I blubbered! So proud!
like the world is full of puppies and unicorns. I didn't cry last night, but I did when I heard Obama's speech on NPR this morning
I was a weeping machine last night....and this morning.I'm so happy and proud!!!
i am still crying. elated, grateful, hopeful, and so, so proud to be an american.
I am hopeful. I cried several times last night and have already cried a few times this morning!
euphoric. haven't cried yet, but came close when I started reading stories about celebration around the world. side note: I've heard that people were doing the electric slide in the middle of U St. last night.
"I find I'm so excited, I can barely sit still or hold a thought in my head. I think it is the excitement only a free man can feel, a free man at the start of a long journey whose conclusion is uncertain. I hope [we] can make it across the border. I hope to see my friend, and shake his hand. I hope the [next four to eight years are] as blue as [they have] been in my dreams. I hope."--Paraphrased from Shawshank RedemptionAnd yeah...I got a lil misty last night during his speech.
You can do it! Its Electric!Great to see us get it right. Bye Liz Dole. Seeing the red states on the map even after all the nonsense we have been through the last eight years made me think this whole confederacy thing might be a good idea.
There was no crying until my friend called me in tears from U Street, where people were dancing in the streets. Then I sobbed through his speech.I'm just really excited and so grateful for the feeling of being part of something larger than myself. OMG, I love America!
I sobbed. Especially during the victory speech. I'm so happy. And relieved!!
I was too shocked to cry last night. I still am. This is an amazing time to be an American.
I am thrilled and elated. Permagrin. Desire to high-five everyone on the street. I cried last night. Kept tearing up. Our intern gave me a hug. Then I cried this morning when I saw the first page of the Post.Selfish bonus, now I don't have to leave the country or DC.

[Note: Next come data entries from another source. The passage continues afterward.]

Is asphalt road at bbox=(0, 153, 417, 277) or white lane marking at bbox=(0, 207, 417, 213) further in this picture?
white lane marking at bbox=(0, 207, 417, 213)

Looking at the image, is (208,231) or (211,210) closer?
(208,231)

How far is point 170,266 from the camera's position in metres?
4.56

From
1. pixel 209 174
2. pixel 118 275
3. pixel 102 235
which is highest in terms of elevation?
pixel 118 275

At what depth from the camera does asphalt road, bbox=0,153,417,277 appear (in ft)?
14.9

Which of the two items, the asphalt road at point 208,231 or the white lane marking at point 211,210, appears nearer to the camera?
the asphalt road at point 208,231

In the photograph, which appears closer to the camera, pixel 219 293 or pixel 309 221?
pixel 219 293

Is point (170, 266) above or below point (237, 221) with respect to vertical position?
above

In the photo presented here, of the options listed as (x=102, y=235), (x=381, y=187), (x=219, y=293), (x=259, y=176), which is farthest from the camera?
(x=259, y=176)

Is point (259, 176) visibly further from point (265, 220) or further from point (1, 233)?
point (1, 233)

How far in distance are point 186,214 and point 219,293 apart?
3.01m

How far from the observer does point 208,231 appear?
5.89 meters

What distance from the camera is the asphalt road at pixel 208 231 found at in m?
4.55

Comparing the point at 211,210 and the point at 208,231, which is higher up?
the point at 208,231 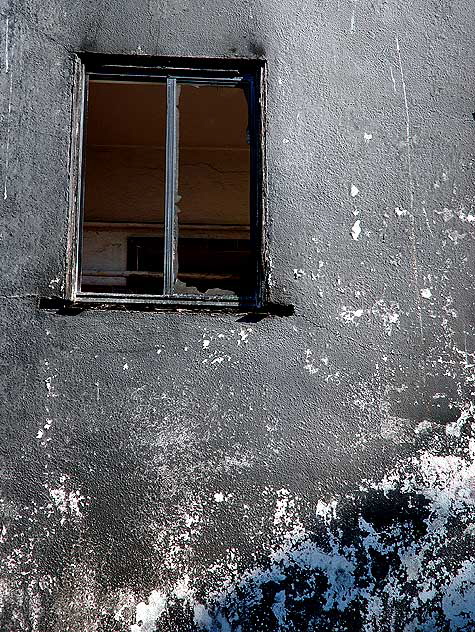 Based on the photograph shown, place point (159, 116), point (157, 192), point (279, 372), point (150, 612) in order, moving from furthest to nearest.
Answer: point (157, 192), point (159, 116), point (279, 372), point (150, 612)

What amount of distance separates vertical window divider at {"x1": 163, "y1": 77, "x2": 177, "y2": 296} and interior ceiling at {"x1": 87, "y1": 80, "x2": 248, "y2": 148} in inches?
108

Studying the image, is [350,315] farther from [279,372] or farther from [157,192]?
[157,192]

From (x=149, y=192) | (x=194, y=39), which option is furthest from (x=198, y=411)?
(x=149, y=192)

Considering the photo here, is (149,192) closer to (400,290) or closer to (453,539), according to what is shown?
(400,290)

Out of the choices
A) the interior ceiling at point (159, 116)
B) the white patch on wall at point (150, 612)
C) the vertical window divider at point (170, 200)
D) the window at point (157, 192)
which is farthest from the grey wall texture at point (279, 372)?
the window at point (157, 192)

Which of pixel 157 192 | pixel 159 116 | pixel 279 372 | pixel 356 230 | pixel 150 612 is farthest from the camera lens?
pixel 157 192

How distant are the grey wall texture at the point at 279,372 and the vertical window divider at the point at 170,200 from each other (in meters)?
0.21

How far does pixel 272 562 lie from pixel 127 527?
0.64 m

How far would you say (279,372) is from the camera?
152 inches

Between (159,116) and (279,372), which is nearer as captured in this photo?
(279,372)

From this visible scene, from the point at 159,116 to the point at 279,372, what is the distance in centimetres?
517

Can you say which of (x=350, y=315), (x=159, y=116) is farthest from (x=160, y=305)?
(x=159, y=116)

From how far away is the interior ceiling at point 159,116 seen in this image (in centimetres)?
741

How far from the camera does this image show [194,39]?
13.9 ft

i am tired and hoarse and actually kinda bummed i missed the electric slide in the middle of u st, but the chanting and singing at the white house was cathartic. and yes i did cry.
I am soooo happy! I am so proud! I am so hungover! But the headache I have right now is totes worth it! Nothing can get me down today! Oh, and I didn't cry until I read an email from my friend in Chicago who was at Grant Park.
Haven't cried yet, but probably because I'm so dehydrated from all the alcohol my body needs every fluid I have.
I'm hungover and proud today! Oh yes I cried last night. I didn't think I would but I did.
no tears... saving them for when the war is over.
sooooo freakin excited! have you noticed how EVERYONE is in a good mood today? strangers are smiling and saying hello to each other. it's such a great warm and fuzzy feeling. who's going to the inaguration with me? i'm def going to cry there!
U st. was apeshit. I could hear people partying from my house well after 3 in the morning. For me the news didn't exactly sink in last night. This morning though I got a little teary-eyed when reading the front page of the post. Also, I gush with pride every time they refer to President-elect Obama. I repeat: PRESIDENT-ELECT OBAMA.
we all cried in indiana. twice, in fact...once for the big win and then again when WE WON INDIANA!!!! of course, it could have had something to do with the fact that none of us had slept in 3 days...totally worth it, this is monumental!!!